Tensions between the United States and China are escalating and spreading into every corner of the complex bilateral relationship, including trade, advanced technologies, finance, ideology, talent, and the military domain. In 2019, former U.S. Secretary of State Henry Kissinger, who played a critical role in Nixon’s opening to China, warned that the two countries were at “the foothills of a Cold War.” If left unresolved, he added, there could be dire consequences—worse than those of World War I.
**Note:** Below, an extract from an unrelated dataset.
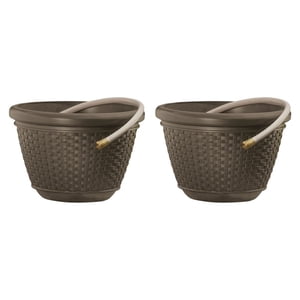 Suncast Resin Wicker Hose Pot, 100 ft Capacity, 2 Pack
Xi Jinping is driven by his grand vision of a “Chinese dream.” He secured the foundations for an unprecedented third term as president at the 20th party congress last month, as he prepares for a “new great struggle” to achieve China’s dominance on the world stage.[1] Meanwhile, the Biden administration is raising the pressure on Beijing through a series of legislative measures under the banner of “Made in America.” It is bringing economic security to the forefront of its diplomacy, encouraging allies to participate in initiatives such as the Indo-Pacific Economic Framework (IPEF) and the so-called Chip 4 alliance. 

Moreover, the United States is openly criticizing China’s human rights record, including the situation in Tibet and Xinjiang. There are growing concerns about the risk of a military clash between the two countries, particularly over Taiwan. In its recently published national security strategy, the Biden administration refers to the coming “decisive decade” in the strategic competition against China.[2] The 2022 national defense strategy also calls China the “most consequential strategic competitor” of the United States.[3]

The deepening rift between the United States and China presents many countries, including South Korea, with a vexing foreign policy challenge. There was a profound conflict between Washington and Moscow during the Cold War, and there were tensions between Japan and the United States in the 1980s. However, Seoul was not pressured to take a side in either era. South Korea signed a mutual defense treaty with Washington shortly after the 1953 armistice. This endured throughout the Cold War and to the present day. Even as it challenged U.S. supremacy, Japan remained a treaty ally of the United States. The current situation is fundamentally different and more complicated. South Korea is increasingly under pressure to side with Washington or Beijing on a wide array of regional and international issues.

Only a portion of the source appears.